You are the director. Your job is to get a scene done. You know what outcome you want, but you are not doing everything yourself. You rely on different kinds of support to make it happen.

Skills

A skill is like pulling out a page of the script. It tells you how something should play out. The structure, the steps, the flow. But it does not actually do anything on its own. You are not memorising the whole script either. You just grab the part you need when you need it. That was the shift for me. Skills are not ability. They are guidance.

Sub Agents

Sub agents are like actors you bring in to perform a role. You do not walk them through every single step. You give them a goal, and they take it from there using their own experience. A good actor does not just follow instructions. They interpret, adapt, and deliver something that works. That is what sub agents are doing. They are not just following steps. They are handling the task for you.

MCP

MCP is the prop department. This one felt the most abstract at first. If you need a prop, a costume, or some specific piece of equipment, you do not already have it sitting there. You ask for it and someone brings it to the set. But it is not just fetching things. The prop department can also make things happen on set. Like returning a hire, placing an order, or getting a message to another part of the production. MCP works the same way. It is not just connecting you to data. It can also take actions in external systems, like creating a record, sending a message, or updating something in a tool you use.
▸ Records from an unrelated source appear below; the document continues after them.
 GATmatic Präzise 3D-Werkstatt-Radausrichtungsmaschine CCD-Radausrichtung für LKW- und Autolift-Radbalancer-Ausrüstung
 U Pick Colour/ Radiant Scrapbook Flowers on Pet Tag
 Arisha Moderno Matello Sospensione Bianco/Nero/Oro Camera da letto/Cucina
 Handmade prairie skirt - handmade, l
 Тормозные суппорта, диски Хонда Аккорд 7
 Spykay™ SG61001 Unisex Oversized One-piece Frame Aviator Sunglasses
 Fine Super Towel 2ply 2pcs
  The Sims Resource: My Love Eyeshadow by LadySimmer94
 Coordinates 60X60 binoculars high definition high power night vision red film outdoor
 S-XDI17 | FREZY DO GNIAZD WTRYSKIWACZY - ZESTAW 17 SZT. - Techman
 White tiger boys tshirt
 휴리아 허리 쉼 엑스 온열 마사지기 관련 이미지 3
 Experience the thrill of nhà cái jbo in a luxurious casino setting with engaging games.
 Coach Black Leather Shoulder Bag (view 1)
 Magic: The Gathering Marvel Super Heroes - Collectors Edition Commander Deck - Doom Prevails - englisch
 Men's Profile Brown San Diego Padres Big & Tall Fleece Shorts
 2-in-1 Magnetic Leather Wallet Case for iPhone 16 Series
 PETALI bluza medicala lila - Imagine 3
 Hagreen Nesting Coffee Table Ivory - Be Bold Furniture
It is not doing the thinking. It is not making decisions. But it can reach out and act on your behalf.

Plugins

Plugins are the permanent fixtures on set. The overhead lighting, the built-in sound system, the things that are already there when you arrive. You do not bring them in like MCP. You do not hire them like a sub agent. They are just part of the setup, ready to use when the job calls for them. The key difference is that plugins are static. They do one thing and they do it well. MCP is dynamic, you reach out and pull something in when you need it. Plugins are already there waiting.

The Simple Way I Remember It

Skills tell you how to do something.
Sub agents do it for you.
MCP brings in what you do not have, and can act on your behalf.
Plugins give you a tool to use directly.

When Would You Use Each One

This was the part that helped me the most in practice. Use a skill when you are not sure how to approach something and need guidance or structure. Use a sub agent when the task is complex or you want something handled without micromanaging every step. Use MCP when you need access to something external, like data, systems, or resources that are not already available. Or when you need to take an action in an external system, like creating a record or sending a message. And it is worth knowing that a sub agent can use MCP to do its job. They are not either/or. They stack. Use a plugin when there is a specific tool that can do the job more directly or efficiently. They can all help you get to the same end result, but they do it in very different ways.